* **Records to use**
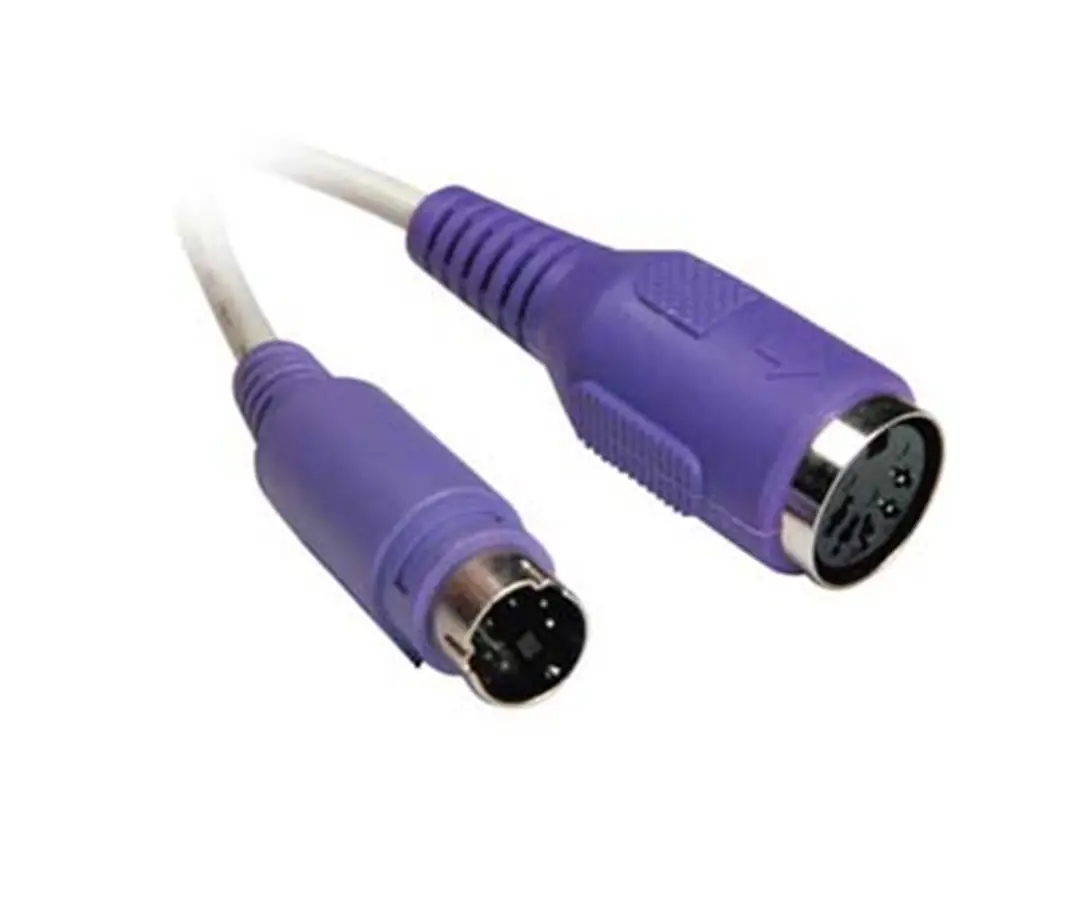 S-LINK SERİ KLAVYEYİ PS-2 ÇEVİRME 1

---

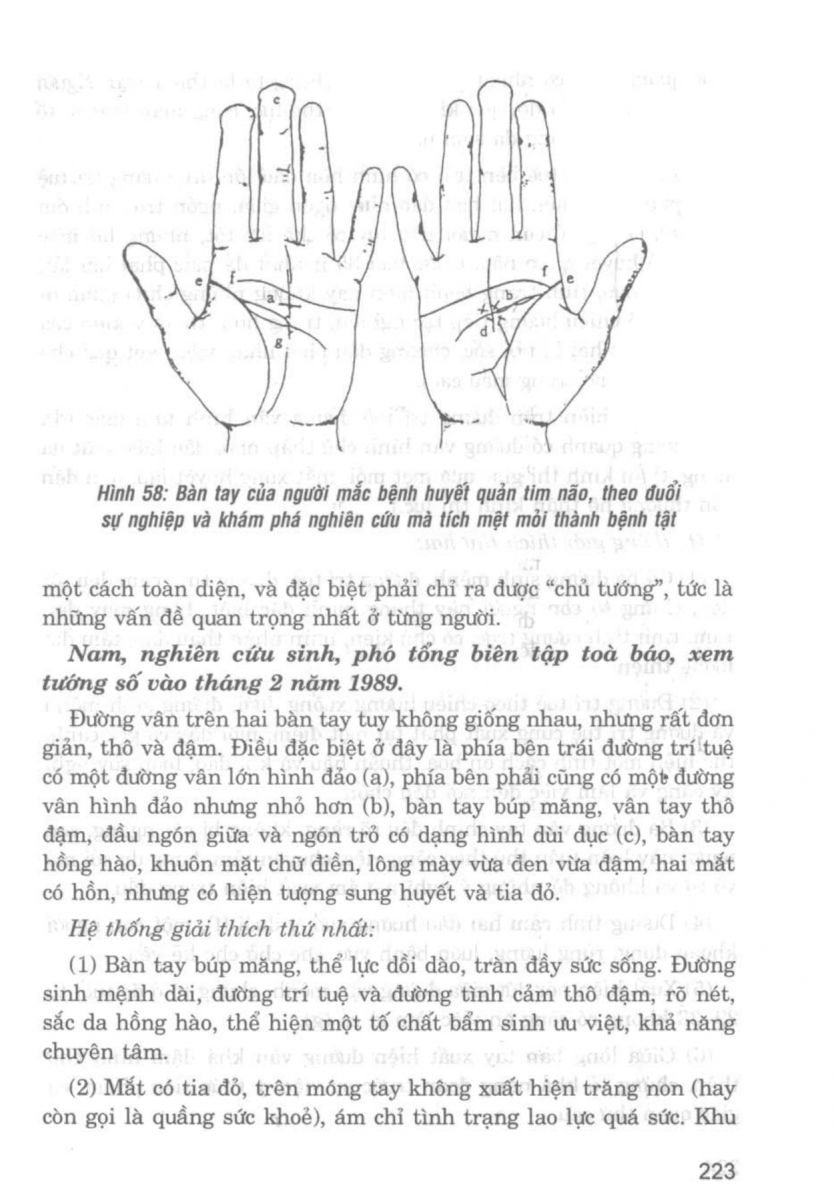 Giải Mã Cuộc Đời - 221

--

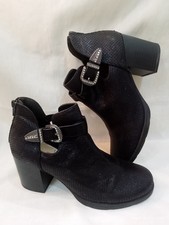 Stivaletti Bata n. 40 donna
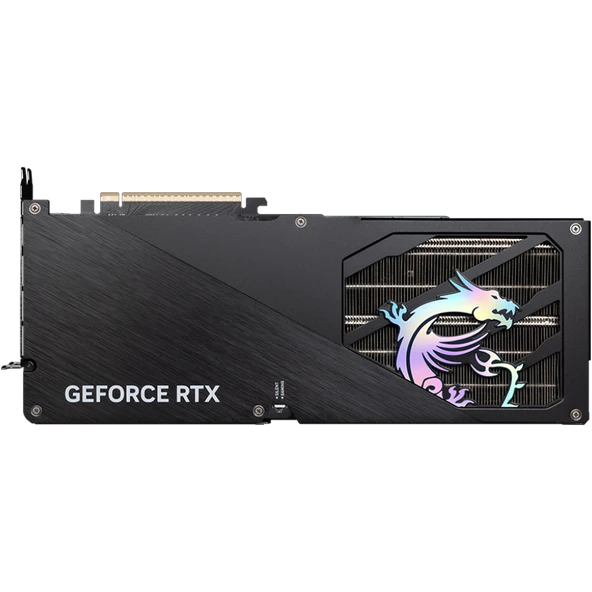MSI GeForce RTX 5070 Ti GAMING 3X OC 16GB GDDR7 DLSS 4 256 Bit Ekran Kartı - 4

* **Your instructions**
Your reply should consist solely of the lines above from the line containing "Stivaletti Bata n. 40 donna" up to and including the line containing "MSI GeForce RTX", reproduced exactly, minus the pictures.

* **Reply to the task**
 Stivaletti Bata n. 40 donna
MSI GeForce RTX 5070 Ti GAMING 3X OC 16GB GDDR7 DLSS 4 256 Bit Ekran Kartı - 4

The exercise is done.